Acid present in milk, need to check

[Sussan_Potts]

A titration was performed in order to find the amount of lactic acid within milk.
When we did the titration, 5.8mL of 0.1 NaOH was used before the endpoint was found.
There was 20mls of milk.

We’ve tried to do the calculations but were not sure.

Chemical formula of Lactic acid is CHH₆₀₃, mass is 90.049

Here’s our working out:

Calculating the moles of base used
5.8/1000 = 0.0058 (converting to liters)

0.1/1000 = 0.0001 (do I need this step, I don’t know why it is here)
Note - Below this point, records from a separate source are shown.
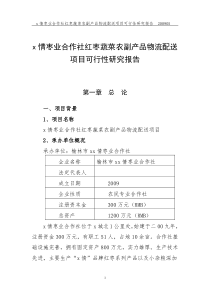 专业合作社农业综合开发项目可行性研究报告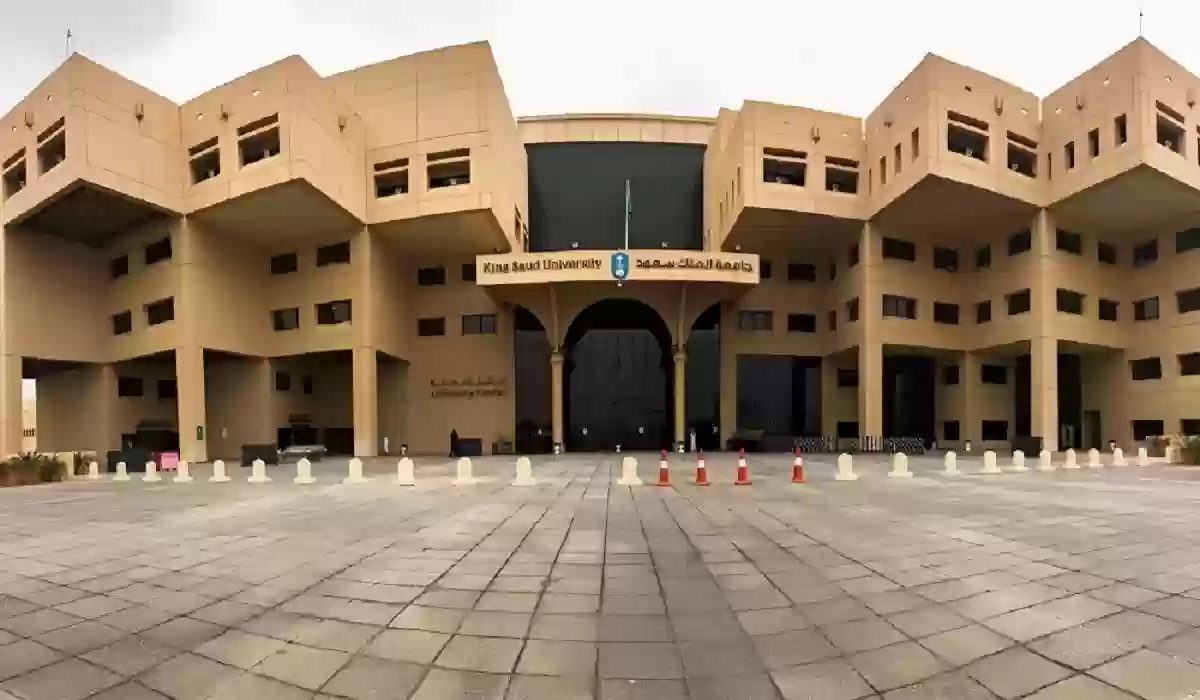 جامعة الملك سعود الدراسات العليا الشروط والتخصصات ورسوم الدراسة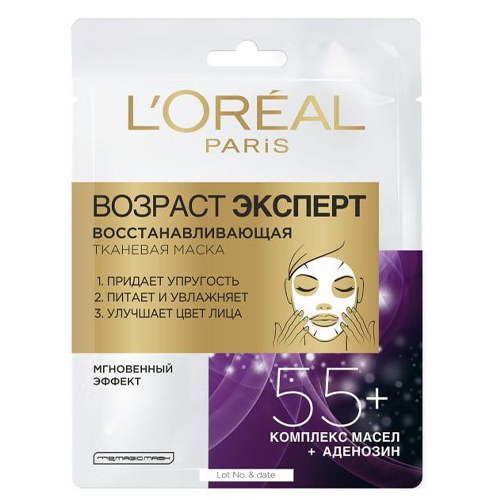 Loreal Paris Тканевая маска для лица Возраст Эксперт 55+ (Loreal Paris, Возраст эксперт) от Pharmacosmetica.ru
0.0058*0.0001 = 0.00000058

Moles of base = moles of acid

Calculating mass of lactic acid
0.00000058 * 90.049 = 0.00005222842

Finding the percentage
20/1000 (converting to liters)
= 0.02

0.00005222842 / 0.02 = 0.002611421

*100 = 0.26%

Is this calculation correct? It seems kind of small.

[Zedekiah]

You do not need the step where you divide the molarity of the base by 1000.

Multiply the number 0.00000058 by 1000 to get the number of moles.

0.00058 moles.

Yep, moles of acid = moles of base through the miracle of titration .

Hmmm, yep, that is one of doing it.

0.05222842 grams is the new solution when you have the modified molarity.

I think this is another minor error. Now that you have grams of lactic acid, all you have to do now is divide by grams of milk total to find the mass percent of lactic acid that you have. Without the density, however, this is not possible. You could approximate and get the answer by dividing

0.0522 by 20, because it is probably about 1.0 grams per ml.

I got 0.26% as my answer. You divided by 1000 and then multiplied by a 1000 so the errors cancelled.

You're right, it seems too low.

[Zedekiah]

Another way of doing this would be to solve for the molarity of the milk and use the density to find the % concentration.

0.00058 / .02 = 0.029 M Milk has a reported density of 1.028 g / mL.

Since (10cd)/W = M, you can rearrange this equation to find c, the % concentration.

MW/10d = c

(90.049*0.029)/10.28 = c

c = .25%. Heh, close to the other answer.